* ASSIGNMENT *
Pictures are to be left out, and the rest of the records reproduced exactly.

....

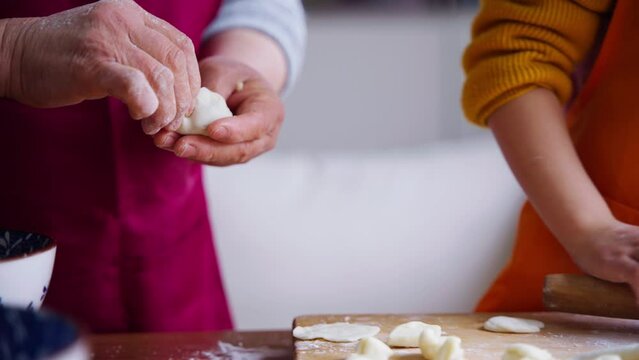 close up of grandmother and granddaughter making Chinese dumpling together indoor at home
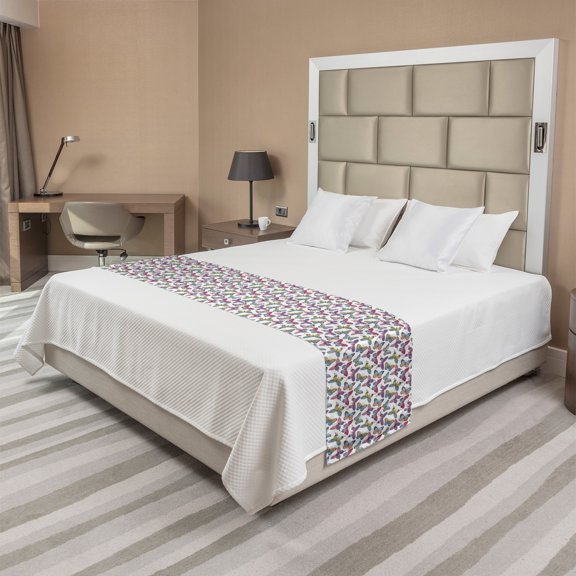 Butterfly Bed Runner, Multicolored Hand Drawn Delicate Fresh Spring Illustration, Decorative Accent Bedding Scarf for Hotels Homes and Guestrooms, King, Almond Pink and Violet, by Ambesonne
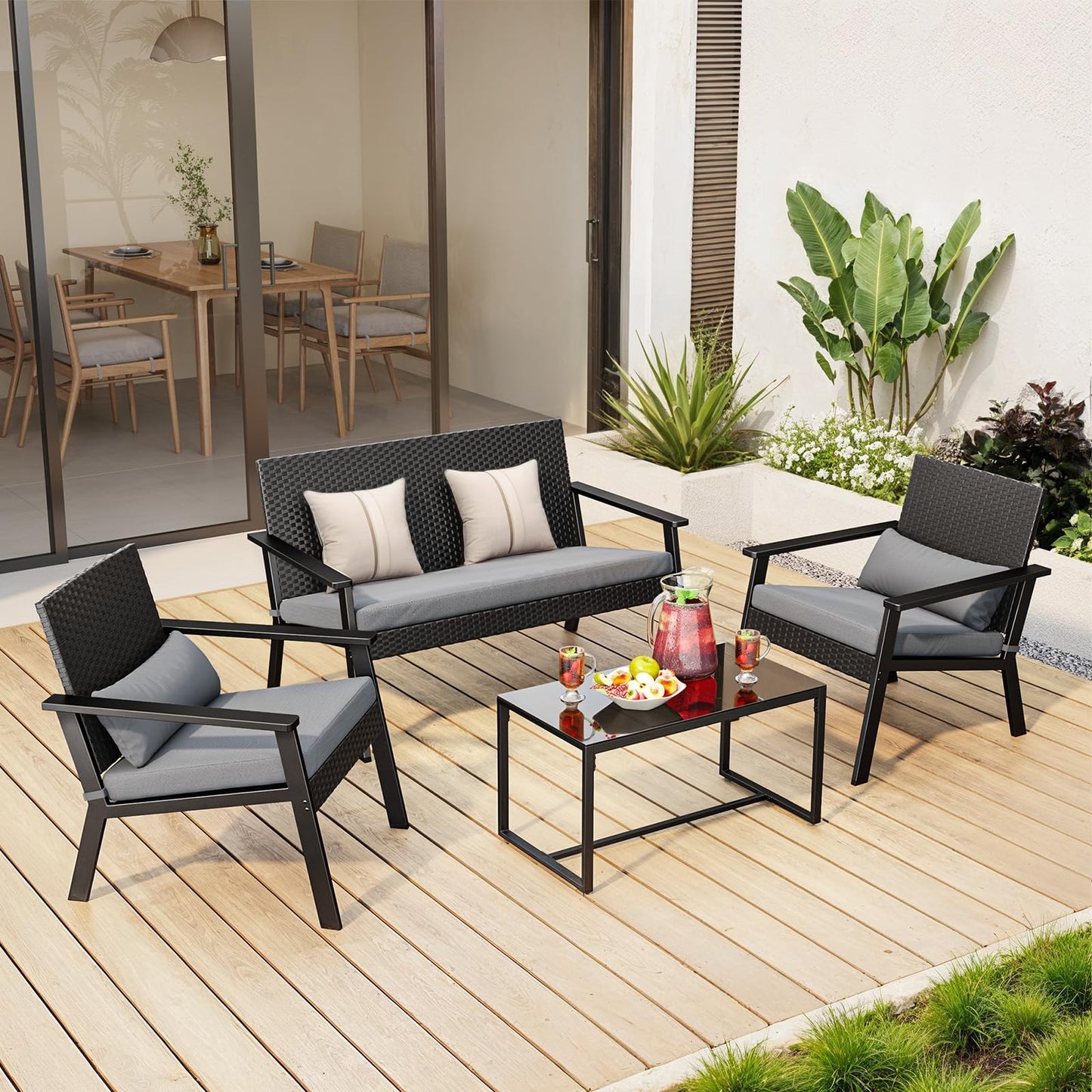 Ahomly 4-Piece Outdoor Wicker Patio Furniture Set with Deep Seating Cushions and Table for Balcony, Backyard, and Porch (Gray) - CookCave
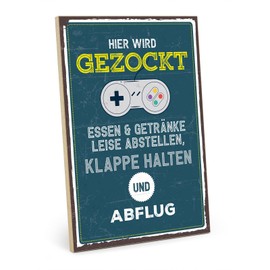 TypeStoff HS-00472 Wooden Sign with Saying – Here Is Zocked – Vintage Look with Quote as Gift and Decoration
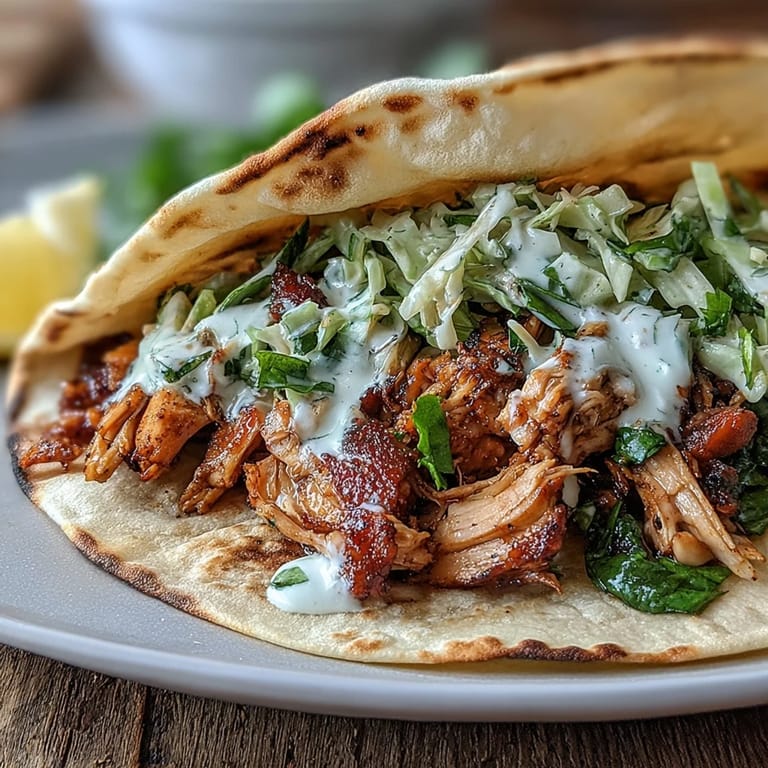 Fresh and vibrant cabbage slaw tacos filled with tender shredded chicken and zesty lemon crema for a light meal.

....

* RESPONSE TO THIS TASK *
 close up of grandmother and granddaughter making Chinese dumpling together indoor at home
 Butterfly Bed Runner, Multicolored Hand Drawn Delicate Fresh Spring Illustration, Decorative Accent Bedding Scarf for Hotels Homes and Guestrooms, King, Almond Pink and Violet, by Ambesonne
 Ahomly 4-Piece Outdoor Wicker Patio Furniture Set with Deep Seating Cushions and Table for Balcony, Backyard, and Porch (Gray) - CookCave
 TypeStoff HS-00472 Wooden Sign with Saying – Here Is Zocked – Vintage Look with Quote as Gift and Decoration
 Fresh and vibrant cabbage slaw tacos filled with tender shredded chicken and zesty lemon crema for a light meal.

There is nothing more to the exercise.